Charlottesville’s vitriolic summer culminated in a collection of white supremacists and neo-Nazis organizing the “Unite the Right” rally downtown. Again, only 50 or so protesters showed up, but in the face of thousands of counter protesters, the rally turned violent. One attendee drove their car through the crowd of anti-fascist protesters, killing Heather Heyer, an anti-racist activist.
It’s hard to imagine feeling at home in Charlottesville for someone like Natasha Oladokun, whose poetry often centers Black identity. It’s also easy, in light of such a repetitive series of racist outbursts, to shrug that summer in Charlottesville off as just another backwards Southern city embracing racism.
“Whenever some heinous racial thing happens in the South it becomes this way to talk about everyone there in the same way,” Natasha said. “‘The South is just backward and we need to throw it out.’ Well who do you think are the most vulnerable targets of violence in the South?”

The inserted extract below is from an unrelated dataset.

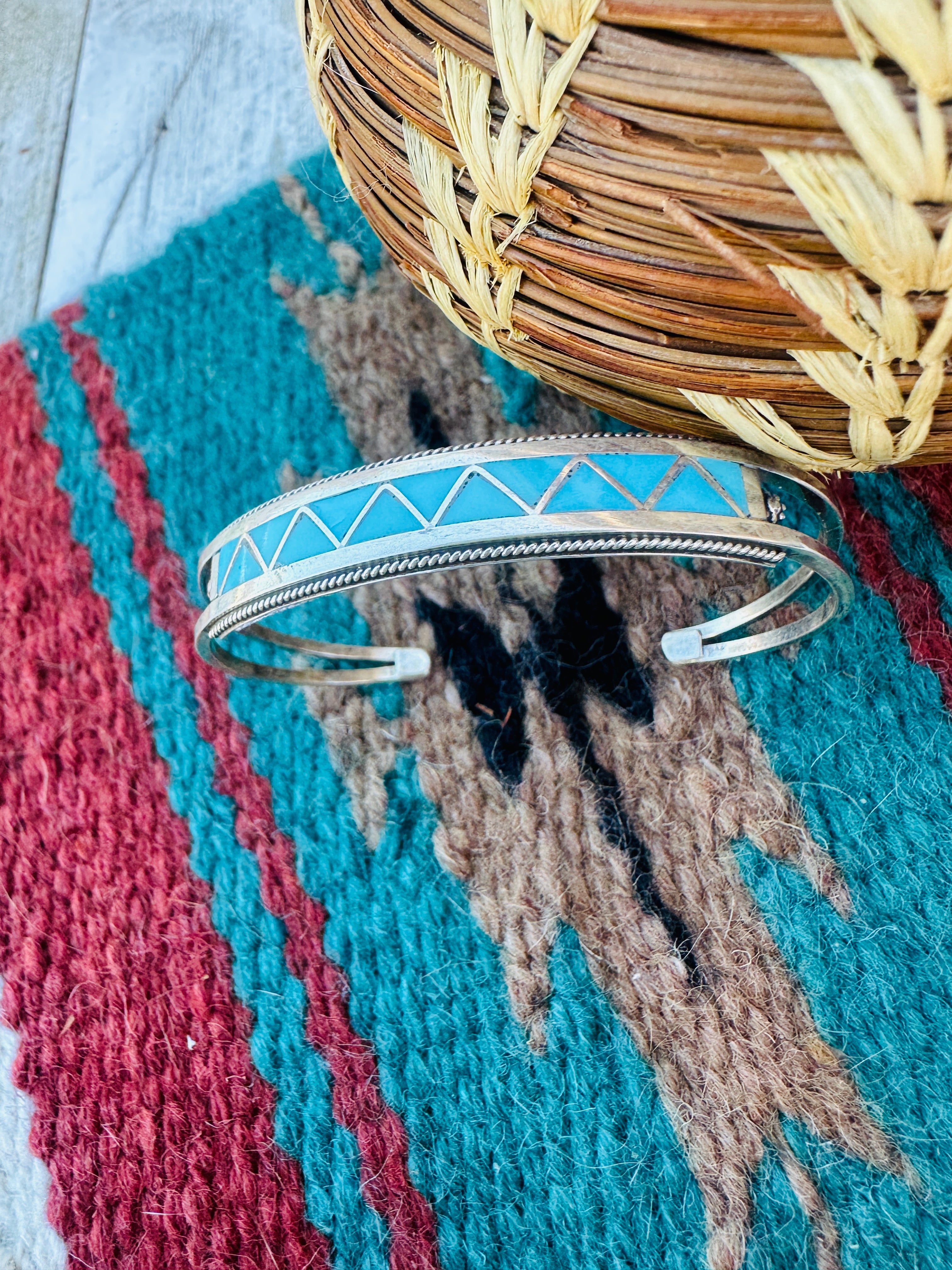Handcrafted Turquoise & Sterling Silver Inlay Cuff Bracelet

In the face of that violence, she found herself turning to two outlets: poetry and prayer. For a while, they served two fundamentally different purposes; the former mostly internal, the latter explicitly external. In separating the internal and the external so drastically, Natasha found herself speaking to God, in her words, with more distance than she would a stranger.
But as she grew as a poet and a person, they became increasingly indistinguishable from one another. Poems became prayers. Prayers became poems. Each was both both and neither.
“My relationship to my faith and my relationship to my creative practice have become so intertwined that I can no longer find a useful distinction between them,” Natasha said. “Poetry saved my faith. And my faith has given me a particular way of understanding poems.”
That’s the lens of writing that makes Natasha’s writing feel so profoundly personal, even for a disconnected reader. I sometimes read her work and feel like the words came from myself. The language floats there, just off the page, like a prayer I took from someone else that’s still mine when it leaves my lips.
When Natasha came to Madison to serve as the inaugural First Wave Poetry Fellow, the differences she found between her new home and the South were few and far between.
“I think college towns for really large universities tend to share those dichotomies of extreme poverty and extreme wealth,” she said. “There’s still segregation here, there’s still racism here, I have still seen that on display. Madison has issues too. That imaginary line on the Mason-Dixon is truly just a fiction.”
“My experience as a writing fellow, my experience as a teacher, my experience with First Wave has been an oasis in the midst of a town that would have been very difficult for me to adjust to.”
In her first semester as the First Wave Poetry Fellow, Natasha taught a creative writing class made up exclusively of First Wave scholars. And while not all of the students in the class were poets, she said that it was refreshing to have a group of students who all want to to be there, and that the creativity they draw on in other mediums still comes through in writing.
And that’s what made the workshop structure so different from others Natasha has taught. Whereas normally workshop feedback tends to focus too heavily on the minutiae of the poem’s structure — “Why did you break the line here?” — Natasha’s First Wave workshop cut straight to the meat of the process: “Looking at what the poem is saying as opposed to how it is behaving,” and saving the minutiae for the final review process.
This meant that in just a few weeks, First Wave students in the class were able to create some extraordinarily well-designed poems, some of which will be presented in the First Wave Poetry Showcase alongside Natasha’s work during Line Breaks. And while all the poets in the class were so dynamically individual, they each returned to the same theme time again: home.
“All the students have such diversity in terms of aesthetics, style, and voice, but something that I’ve consistently seen across the board is that there’s also this interest in the concept of home,” Natasha said. “And home takes on different characteristics depending on who the poet is. Sometimes the concept is more geographic or they may be thinking about home in the context of the physical body. But this question of ‘Where can I go to rest?’ is something that I kept seeing appear.
And where can you rest? Likely not in Charlottesville, with its endless white supremacist rallies. But probably not in Madison, either, where just a few months ago various new-fascist groups organized a “We the People” rally, showing up at the Capitol with loaded assault rifles.
Maybe it’s exactly where Natasha found it: in poetry and in prayer. Not tied to any city or town, but deeply personal. You can always find it, wherever you are.